=== Section Start ===

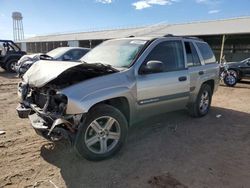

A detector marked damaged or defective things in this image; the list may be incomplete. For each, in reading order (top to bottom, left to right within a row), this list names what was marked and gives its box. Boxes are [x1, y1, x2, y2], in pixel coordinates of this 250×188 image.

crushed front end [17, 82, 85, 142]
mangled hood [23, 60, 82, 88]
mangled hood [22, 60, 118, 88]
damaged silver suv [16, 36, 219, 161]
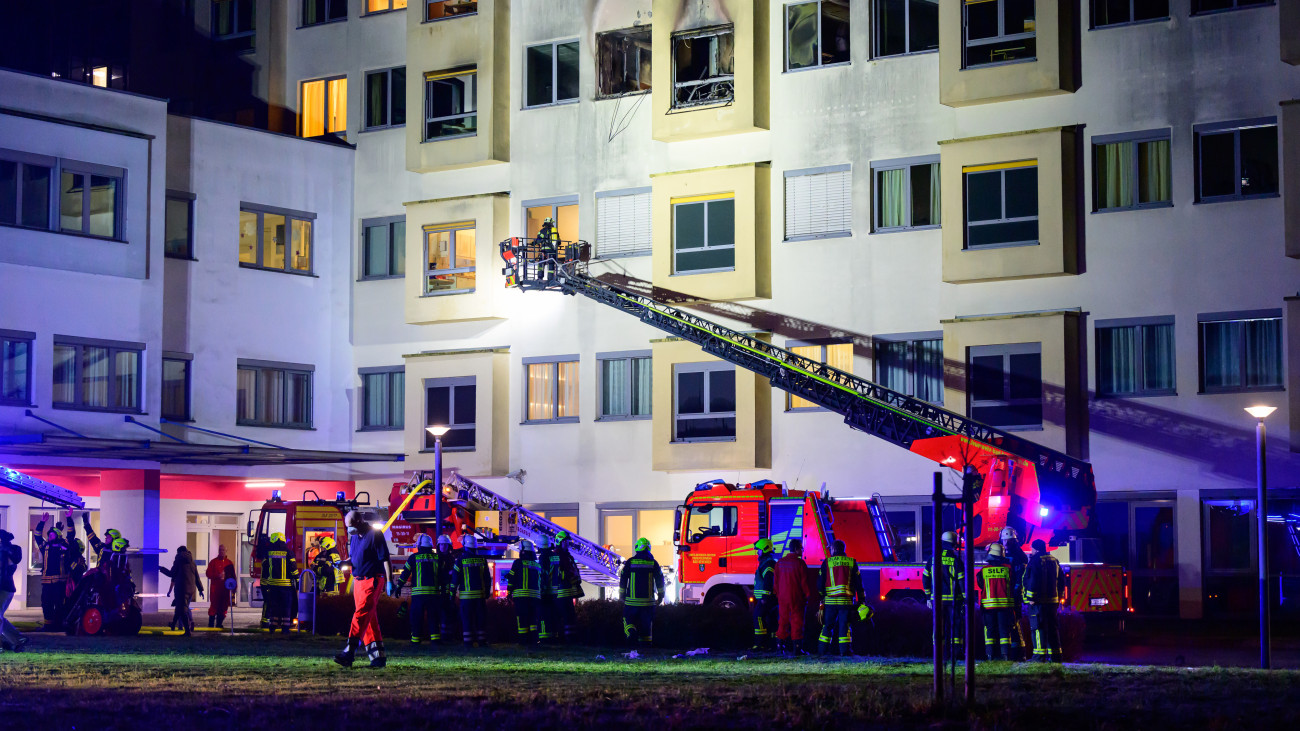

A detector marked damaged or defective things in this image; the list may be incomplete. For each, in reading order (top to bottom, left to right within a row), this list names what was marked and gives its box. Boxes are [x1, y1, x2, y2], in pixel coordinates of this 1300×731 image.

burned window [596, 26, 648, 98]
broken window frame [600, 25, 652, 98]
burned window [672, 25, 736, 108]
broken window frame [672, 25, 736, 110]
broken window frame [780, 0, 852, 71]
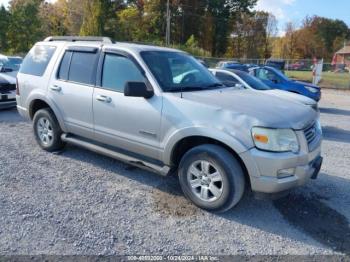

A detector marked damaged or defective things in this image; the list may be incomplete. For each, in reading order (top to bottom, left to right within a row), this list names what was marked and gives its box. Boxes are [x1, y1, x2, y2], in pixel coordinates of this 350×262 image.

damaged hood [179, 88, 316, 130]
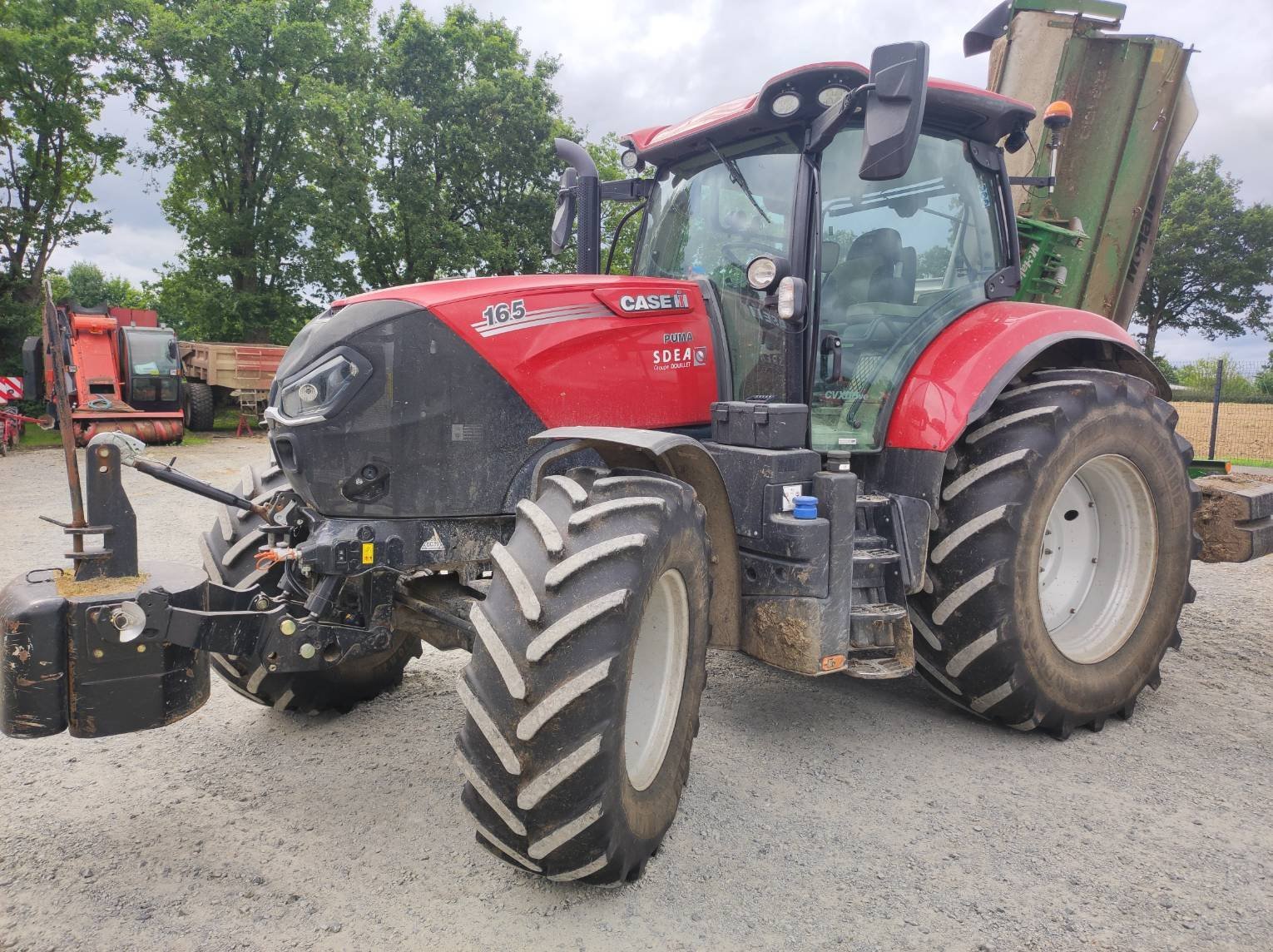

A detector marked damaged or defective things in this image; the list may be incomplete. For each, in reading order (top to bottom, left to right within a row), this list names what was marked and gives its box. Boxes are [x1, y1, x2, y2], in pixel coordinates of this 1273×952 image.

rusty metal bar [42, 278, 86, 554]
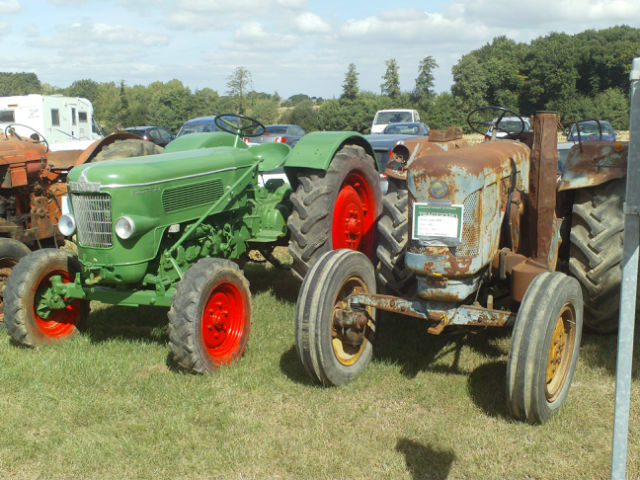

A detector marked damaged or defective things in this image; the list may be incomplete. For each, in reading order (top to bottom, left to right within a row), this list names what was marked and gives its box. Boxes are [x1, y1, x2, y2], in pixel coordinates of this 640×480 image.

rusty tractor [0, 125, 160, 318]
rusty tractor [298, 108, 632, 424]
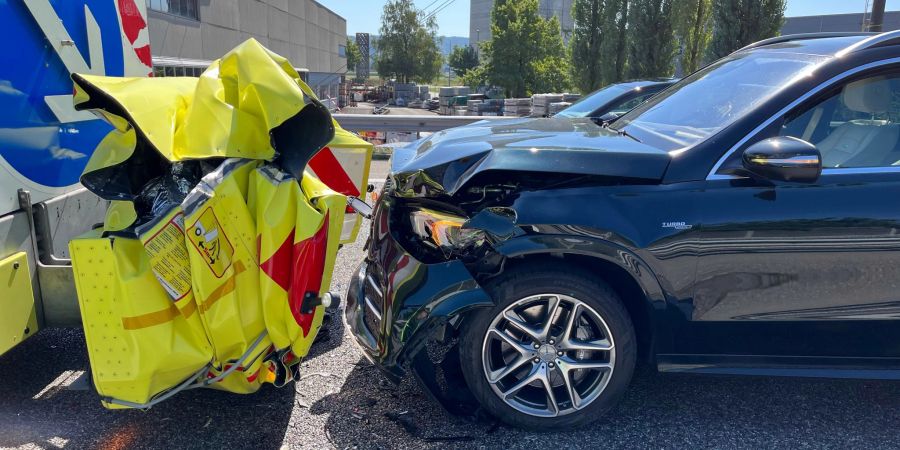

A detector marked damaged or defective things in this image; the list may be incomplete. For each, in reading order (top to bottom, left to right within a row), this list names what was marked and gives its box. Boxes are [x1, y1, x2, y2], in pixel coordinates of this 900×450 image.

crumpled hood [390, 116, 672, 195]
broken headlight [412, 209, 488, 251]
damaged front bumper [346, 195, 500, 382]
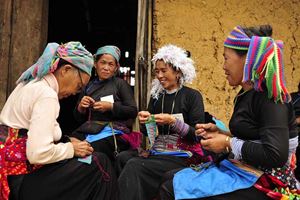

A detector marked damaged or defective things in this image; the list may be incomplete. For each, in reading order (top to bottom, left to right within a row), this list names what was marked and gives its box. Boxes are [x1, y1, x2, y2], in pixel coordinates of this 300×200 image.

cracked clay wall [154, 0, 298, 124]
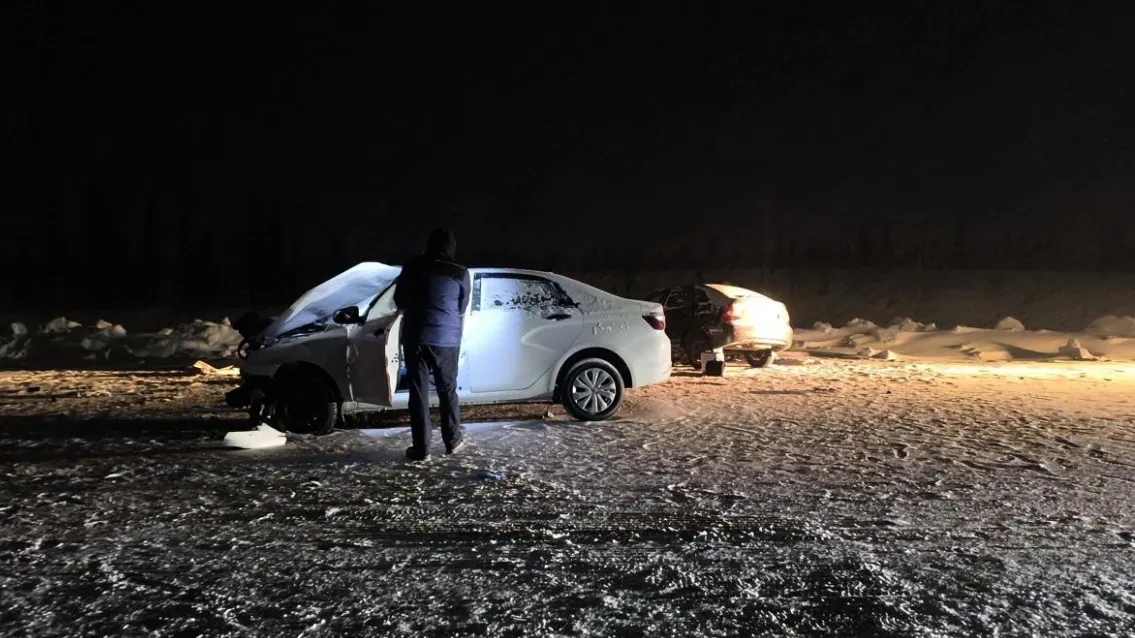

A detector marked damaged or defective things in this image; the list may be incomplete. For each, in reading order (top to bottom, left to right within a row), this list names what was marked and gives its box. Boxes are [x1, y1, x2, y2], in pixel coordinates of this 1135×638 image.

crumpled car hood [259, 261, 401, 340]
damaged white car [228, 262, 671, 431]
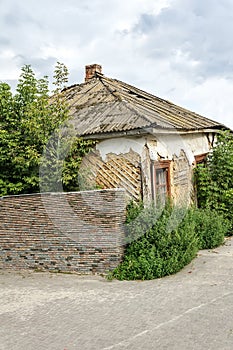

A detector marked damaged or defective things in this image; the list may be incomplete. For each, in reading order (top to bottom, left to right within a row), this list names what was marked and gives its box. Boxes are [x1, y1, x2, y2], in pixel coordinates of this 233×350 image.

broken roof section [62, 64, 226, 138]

=== Section End ===

THE PROBLEM » Write out, please, the lines of the listing above from the one with "this 300×200 image." through the very last, exactly as given and with no pictures.

WRITTEN ANSWER »
A detector marked damaged or defective things in this image; the list may be incomplete. For each, in reading order (top to bottom, left to right within a row), this list names what was marked and gives its box. Boxes are [x1, y1, x2, y2], in pixel coordinates of this 300×200 image.

cracked clay wall [154, 0, 298, 124]

A detector marked damaged or defective things in this image; the list may be incomplete. For each, in reading order (top to bottom, left to right within a row), this list names what was marked and gives its box. Boxes are [x1, y1, x2, y2], in pixel coordinates of this 1135×638 image.

crumpled car hood [259, 261, 401, 340]
damaged white car [228, 262, 671, 431]

A detector marked damaged or defective things in this image; the list may be incomplete. For each, in reading order (top to bottom, left to right within a row), this list names what was marked and gives its box. Boxes are [x1, y1, x2, y2], in pixel coordinates of this 233×350 image.

broken roof section [62, 64, 226, 138]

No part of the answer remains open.